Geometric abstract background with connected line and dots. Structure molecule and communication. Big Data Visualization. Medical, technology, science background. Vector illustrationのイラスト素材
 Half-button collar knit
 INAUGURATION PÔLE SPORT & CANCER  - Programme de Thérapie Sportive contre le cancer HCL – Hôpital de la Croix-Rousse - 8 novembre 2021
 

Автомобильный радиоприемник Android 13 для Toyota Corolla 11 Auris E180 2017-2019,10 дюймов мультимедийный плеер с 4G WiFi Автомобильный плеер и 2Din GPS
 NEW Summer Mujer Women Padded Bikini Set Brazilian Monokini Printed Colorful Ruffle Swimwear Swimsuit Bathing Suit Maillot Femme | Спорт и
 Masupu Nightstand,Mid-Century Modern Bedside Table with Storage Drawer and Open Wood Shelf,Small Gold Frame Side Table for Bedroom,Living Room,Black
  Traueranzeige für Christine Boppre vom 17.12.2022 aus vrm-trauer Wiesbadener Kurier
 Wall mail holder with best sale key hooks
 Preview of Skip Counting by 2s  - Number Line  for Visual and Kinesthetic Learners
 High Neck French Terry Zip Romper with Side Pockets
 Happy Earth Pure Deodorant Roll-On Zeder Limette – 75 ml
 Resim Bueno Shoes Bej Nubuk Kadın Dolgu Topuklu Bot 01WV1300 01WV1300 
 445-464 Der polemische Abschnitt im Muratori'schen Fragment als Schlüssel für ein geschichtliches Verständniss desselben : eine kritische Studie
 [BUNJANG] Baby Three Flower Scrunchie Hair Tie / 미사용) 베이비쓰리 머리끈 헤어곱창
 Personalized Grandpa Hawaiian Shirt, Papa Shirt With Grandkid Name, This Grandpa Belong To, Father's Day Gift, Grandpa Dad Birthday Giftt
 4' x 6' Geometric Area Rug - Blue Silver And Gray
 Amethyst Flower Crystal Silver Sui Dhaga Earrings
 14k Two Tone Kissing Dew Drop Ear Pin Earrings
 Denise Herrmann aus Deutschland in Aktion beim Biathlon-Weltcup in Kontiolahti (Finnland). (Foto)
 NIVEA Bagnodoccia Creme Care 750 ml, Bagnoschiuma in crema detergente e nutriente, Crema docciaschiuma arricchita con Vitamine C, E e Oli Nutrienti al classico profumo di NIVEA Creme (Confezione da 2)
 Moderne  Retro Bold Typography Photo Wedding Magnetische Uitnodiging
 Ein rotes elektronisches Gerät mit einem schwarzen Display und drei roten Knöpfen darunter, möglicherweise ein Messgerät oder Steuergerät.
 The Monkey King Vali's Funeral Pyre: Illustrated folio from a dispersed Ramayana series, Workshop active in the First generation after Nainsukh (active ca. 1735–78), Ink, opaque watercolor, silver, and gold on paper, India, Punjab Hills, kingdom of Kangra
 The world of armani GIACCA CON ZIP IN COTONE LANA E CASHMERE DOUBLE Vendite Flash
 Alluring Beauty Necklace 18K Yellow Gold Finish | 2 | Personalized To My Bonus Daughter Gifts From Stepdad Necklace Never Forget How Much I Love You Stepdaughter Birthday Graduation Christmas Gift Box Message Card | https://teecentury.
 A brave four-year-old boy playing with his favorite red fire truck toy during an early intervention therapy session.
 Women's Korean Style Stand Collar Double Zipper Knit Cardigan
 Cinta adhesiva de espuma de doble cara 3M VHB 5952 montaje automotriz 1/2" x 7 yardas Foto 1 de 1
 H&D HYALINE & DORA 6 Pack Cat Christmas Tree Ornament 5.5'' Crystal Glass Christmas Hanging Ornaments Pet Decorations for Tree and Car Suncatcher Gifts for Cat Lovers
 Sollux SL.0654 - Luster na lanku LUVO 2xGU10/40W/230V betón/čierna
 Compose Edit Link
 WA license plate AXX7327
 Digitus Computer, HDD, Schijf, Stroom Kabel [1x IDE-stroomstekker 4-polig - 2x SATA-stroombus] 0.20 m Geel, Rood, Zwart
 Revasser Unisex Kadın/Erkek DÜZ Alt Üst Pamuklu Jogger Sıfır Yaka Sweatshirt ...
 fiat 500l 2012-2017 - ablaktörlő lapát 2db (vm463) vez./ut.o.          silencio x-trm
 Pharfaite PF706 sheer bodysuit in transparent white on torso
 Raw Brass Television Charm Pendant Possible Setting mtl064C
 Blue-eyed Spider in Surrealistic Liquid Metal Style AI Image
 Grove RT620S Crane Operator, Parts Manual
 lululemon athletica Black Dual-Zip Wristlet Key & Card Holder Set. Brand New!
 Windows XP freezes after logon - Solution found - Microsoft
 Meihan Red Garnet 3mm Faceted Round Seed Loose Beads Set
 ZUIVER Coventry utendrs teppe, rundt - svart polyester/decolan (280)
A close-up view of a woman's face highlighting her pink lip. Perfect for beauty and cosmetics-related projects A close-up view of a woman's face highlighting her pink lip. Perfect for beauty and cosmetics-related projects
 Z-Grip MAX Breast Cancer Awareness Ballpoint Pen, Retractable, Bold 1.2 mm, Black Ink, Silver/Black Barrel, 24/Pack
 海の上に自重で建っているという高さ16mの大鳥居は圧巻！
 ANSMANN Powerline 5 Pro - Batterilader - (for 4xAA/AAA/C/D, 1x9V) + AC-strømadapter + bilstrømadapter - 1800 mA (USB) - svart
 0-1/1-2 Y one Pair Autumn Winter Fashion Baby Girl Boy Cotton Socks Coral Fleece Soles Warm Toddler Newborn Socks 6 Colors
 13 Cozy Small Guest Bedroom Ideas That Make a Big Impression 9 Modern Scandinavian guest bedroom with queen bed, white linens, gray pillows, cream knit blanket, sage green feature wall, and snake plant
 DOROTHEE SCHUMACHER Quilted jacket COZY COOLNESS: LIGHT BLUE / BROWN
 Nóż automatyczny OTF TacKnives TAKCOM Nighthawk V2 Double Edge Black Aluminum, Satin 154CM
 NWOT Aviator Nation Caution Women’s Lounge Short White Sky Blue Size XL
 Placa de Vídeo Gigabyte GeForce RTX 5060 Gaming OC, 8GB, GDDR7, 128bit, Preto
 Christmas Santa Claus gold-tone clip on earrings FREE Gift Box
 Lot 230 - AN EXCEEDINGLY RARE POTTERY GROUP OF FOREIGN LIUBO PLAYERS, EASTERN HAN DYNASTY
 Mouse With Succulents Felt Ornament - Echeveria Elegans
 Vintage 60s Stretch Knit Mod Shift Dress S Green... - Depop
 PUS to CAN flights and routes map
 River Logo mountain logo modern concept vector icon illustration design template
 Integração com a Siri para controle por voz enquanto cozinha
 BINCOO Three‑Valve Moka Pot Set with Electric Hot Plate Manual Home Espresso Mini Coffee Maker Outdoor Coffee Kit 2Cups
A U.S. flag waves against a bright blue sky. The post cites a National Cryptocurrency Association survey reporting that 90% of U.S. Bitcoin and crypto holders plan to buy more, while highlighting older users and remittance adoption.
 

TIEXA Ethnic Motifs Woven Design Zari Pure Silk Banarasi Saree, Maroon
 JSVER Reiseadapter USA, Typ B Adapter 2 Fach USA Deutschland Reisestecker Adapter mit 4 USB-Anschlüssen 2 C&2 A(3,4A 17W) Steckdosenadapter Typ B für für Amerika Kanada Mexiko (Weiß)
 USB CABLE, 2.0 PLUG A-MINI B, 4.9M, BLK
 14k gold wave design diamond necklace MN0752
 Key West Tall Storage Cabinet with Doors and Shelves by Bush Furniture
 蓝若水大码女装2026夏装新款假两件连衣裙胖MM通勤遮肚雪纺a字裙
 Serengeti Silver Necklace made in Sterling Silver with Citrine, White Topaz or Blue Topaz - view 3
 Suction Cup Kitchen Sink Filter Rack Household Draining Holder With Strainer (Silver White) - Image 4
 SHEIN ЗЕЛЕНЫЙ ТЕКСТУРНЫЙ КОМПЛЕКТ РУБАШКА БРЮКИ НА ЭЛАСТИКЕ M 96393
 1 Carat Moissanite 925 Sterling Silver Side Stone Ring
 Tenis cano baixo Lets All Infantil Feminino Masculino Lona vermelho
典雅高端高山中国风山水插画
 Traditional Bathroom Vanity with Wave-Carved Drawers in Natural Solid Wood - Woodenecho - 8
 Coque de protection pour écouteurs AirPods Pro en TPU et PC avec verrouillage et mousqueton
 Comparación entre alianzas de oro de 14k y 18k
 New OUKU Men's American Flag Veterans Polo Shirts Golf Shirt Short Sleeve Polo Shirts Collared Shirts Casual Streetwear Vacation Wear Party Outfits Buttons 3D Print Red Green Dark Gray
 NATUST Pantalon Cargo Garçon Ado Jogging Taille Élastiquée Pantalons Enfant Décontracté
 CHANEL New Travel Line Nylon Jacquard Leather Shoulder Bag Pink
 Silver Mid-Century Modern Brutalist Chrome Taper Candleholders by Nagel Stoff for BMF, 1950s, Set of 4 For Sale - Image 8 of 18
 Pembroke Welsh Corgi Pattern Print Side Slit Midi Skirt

━━━━━━━━━━━━━━━━━━━━

Action item —
Repeat, word for word, the lines from the start of the records to the line that contains "Denise Herrmann aus", both of them included, and no others.

The answer —
Geometric abstract background with connected line and dots. Structure molecule and communication. Big Data Visualization. Medical, technology, science background. Vector illustrationのイラスト素材
 Half-button collar knit
 INAUGURATION PÔLE SPORT & CANCER  - Programme de Thérapie Sportive contre le cancer HCL – Hôpital de la Croix-Rousse - 8 novembre 2021
 

Автомобильный радиоприемник Android 13 для Toyota Corolla 11 Auris E180 2017-2019,10 дюймов мультимедийный плеер с 4G WiFi Автомобильный плеер и 2Din GPS
 NEW Summer Mujer Women Padded Bikini Set Brazilian Monokini Printed Colorful Ruffle Swimwear Swimsuit Bathing Suit Maillot Femme | Спорт и
 Masupu Nightstand,Mid-Century Modern Bedside Table with Storage Drawer and Open Wood Shelf,Small Gold Frame Side Table for Bedroom,Living Room,Black
  Traueranzeige für Christine Boppre vom 17.12.2022 aus vrm-trauer Wiesbadener Kurier
 Wall mail holder with best sale key hooks
 Preview of Skip Counting by 2s  - Number Line  for Visual and Kinesthetic Learners
 High Neck French Terry Zip Romper with Side Pockets
 Happy Earth Pure Deodorant Roll-On Zeder Limette – 75 ml
 Resim Bueno Shoes Bej Nubuk Kadın Dolgu Topuklu Bot 01WV1300 01WV1300 
 445-464 Der polemische Abschnitt im Muratori'schen Fragment als Schlüssel für ein geschichtliches Verständniss desselben : eine kritische Studie
 [BUNJANG] Baby Three Flower Scrunchie Hair Tie / 미사용) 베이비쓰리 머리끈 헤어곱창
 Personalized Grandpa Hawaiian Shirt, Papa Shirt With Grandkid Name, This Grandpa Belong To, Father's Day Gift, Grandpa Dad Birthday Giftt
 4' x 6' Geometric Area Rug - Blue Silver And Gray
 Amethyst Flower Crystal Silver Sui Dhaga Earrings
 14k Two Tone Kissing Dew Drop Ear Pin Earrings
 Denise Herrmann aus Deutschland in Aktion beim Biathlon-Weltcup in Kontiolahti (Finnland). (Foto)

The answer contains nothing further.